Since joining the faculty of Brown in 1972, I have tried to mentor the next generation as payback for the mentoring I received. At the local level, besides the many wonderful undergraduate and graduate students and postdocs mentored in my lab, I served for more than three decades as the director, principal investigator (PI), and then co-PI of our National Institutes of Health (NIH) graduate student training grant. As the founding chair of the Department of Molecular Biology, Cell Biology, and Biochemistry, I also mentored junior faculty. I have been active in graduate and postdoctoral training at the national level, serving as a founding member and chair of the Association of American Medical Colleges Graduate Research Education and Training Group and as chair of a Federation of American Societies for Experimental Biology conference on this subject, publishing several articles with Howard Garrison (deputy executive director for policy).
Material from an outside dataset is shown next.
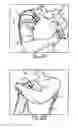 Fig. 10 - SEMI-RIGID SHOULDER BRACES AND RELATED METHODS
As part of my activities in ASCB public policy, I testified before the House and Senate Subcommittees on Appropriations about the importance of NIH funding for graduate education. It was awesome to realize how many thousands of scientists would benefit from my three-minute testimony!

The ASCB plays an important role in nurturing the careers of cell biologists from their time as students to established investigators. As a beginning graduate student, I attended my first ASCB meeting in 1965 and later served as program chair (1986), member of the ASCB Council (1988–1990), chair of WICB (1991), and president (1993). It is noteworthy that my PhD advisor Joe Gall, who was ASCB president in 1968, trained three ASCB presidents (Mary Lou Pardue, Liz Blackburn, and me). Moreover, all three of us are women, and for his nurturing of women in science, Gall received the WICB Senior Award in 2006. It is a great honor to follow in his footsteps to receive this honor myself.